In particular, Treasury Sec Paul O'Neill was vocally sceptical about the
IMF's raison d'être -- a sharp contrast with his predecessor. O'Neill's
problem was that he really did believe in "the market", whereas Larry
Summers knows the difference between theory and practice. It explains why
O'Neill was singularly unsuited to the job Bush had given him (although
ironic that "the markets" never accepted the guardianship of someone who
sincerely believed in those same markets).
It looks like Stratfor has reached similar conclusions to O'Neill, with the
added bonus of having witnessed even more failure in the interim. It's
expressive of the growing crisis of the international financial system,
which depends upon a strategically pro-active US canny enough to disguise
its operations under the cloak of multilateralism. That's hardly been the
Bush administration's style, hence the lack of affinity between the
purveyors of the Washington consensus and Washington itself. But there
remains the issue of what Wall Street itself wishes.

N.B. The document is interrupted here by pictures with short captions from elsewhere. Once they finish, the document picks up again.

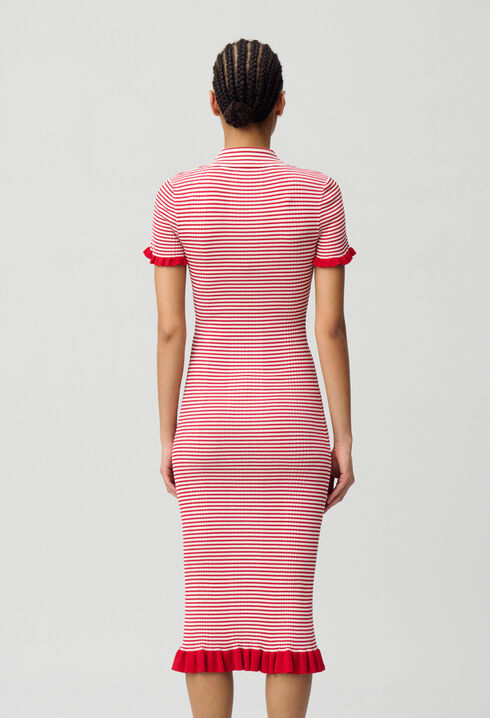 Striped fine knit maxi dress
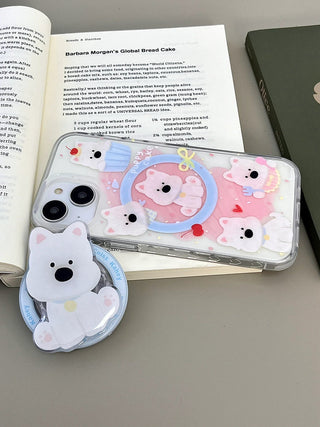 Small Floral MagSafe Puppy iPhone Case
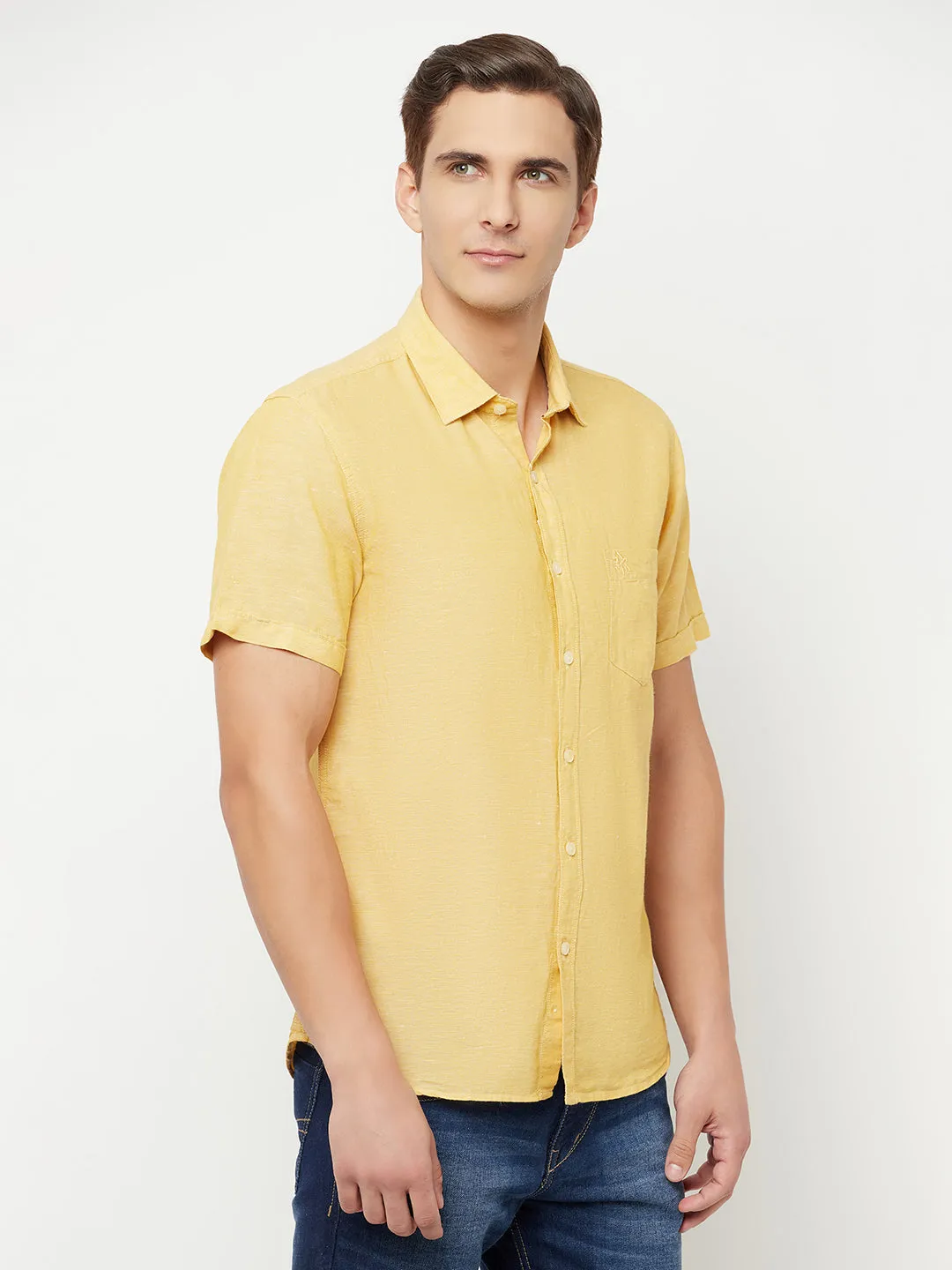 Men's Mustard Casual Plain Half Sleeve Shirt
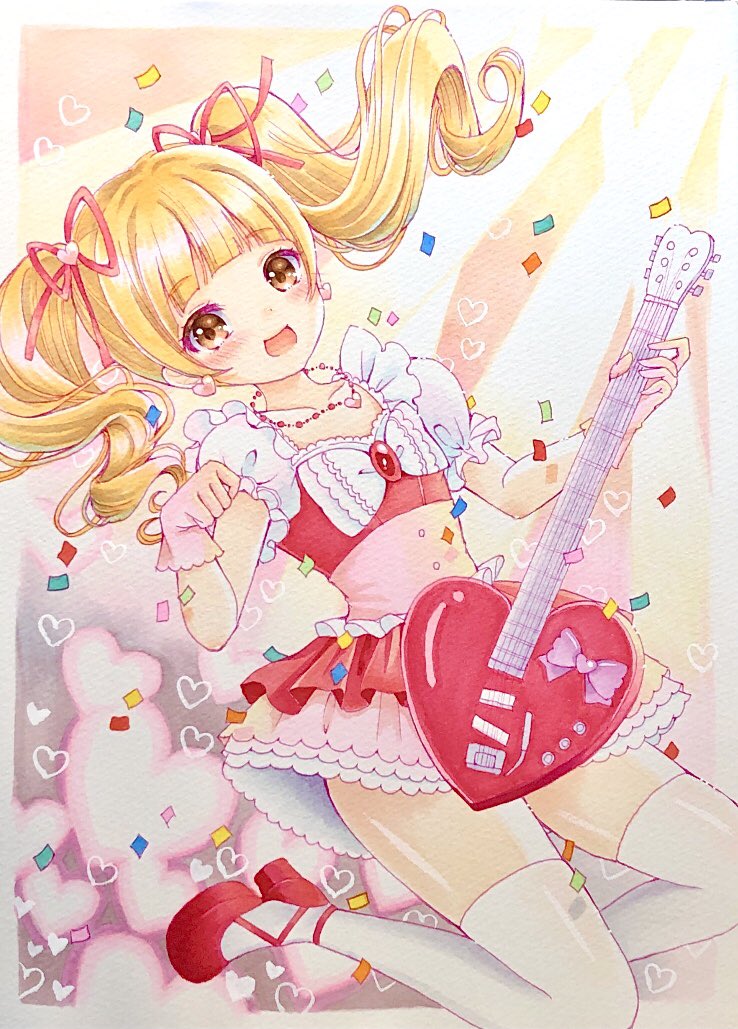 1girl aisaki_emiru blonde_hair blunt_bangs blush bow commentary_request confetti dress earrings frills gloves guitar heart heart_earrings holding holding_guitar holding_instrument hugtto!_precure instrument jewelry lilylily0601 looking_at_viewer magical_girl open_mouth orange_eyes pink_gloves precure puffy_sleeves red_bow red_footwear red_ribbon ribbon short_sleeves smile solo thigh-highs twintails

It looks very like Argentina's refusal to buckle (so far) is triggering a
crisis of an already precarious status quo. Krueger's interim leadership may
be something to fear, given her track record, but the real signal of intent
will be the appointment of Köhler's successor. Whoever that is will be
responsible for a restructuring of the IMF more squarely in terms of US
interests, which now appear to encompass a reactivated Monroe Doctrine
(Haiti, Venezuela, Cuba, .... and Argentina). That the main losers of the
Argentina default were European was a happy event in the eyes of US
interests eager to accomplish once and for all the establishment of economic
and political hegemony over Argentina, at the expense of the French and
Spanish interests that had capitalised upon historic links to take advantage
of all the forced privatisations foisted upon Argentina by previous
"international community"-mandated diktats. Now the general principles of
property and debt repayment are at stake, and that is too much for the US to
countenance, whatever the compensatory pain being incurred by European
rivals. So we might well see a streamlining of the IMF in which it is
presented as leaner and fitter, apparently less involved in the
micromanagement of borrower countries' economies, but even more hardline in
its enforcement role -- in effect, uniting imperialist interests at the
expense of debtor countries, whilst concentrating power further in US hands.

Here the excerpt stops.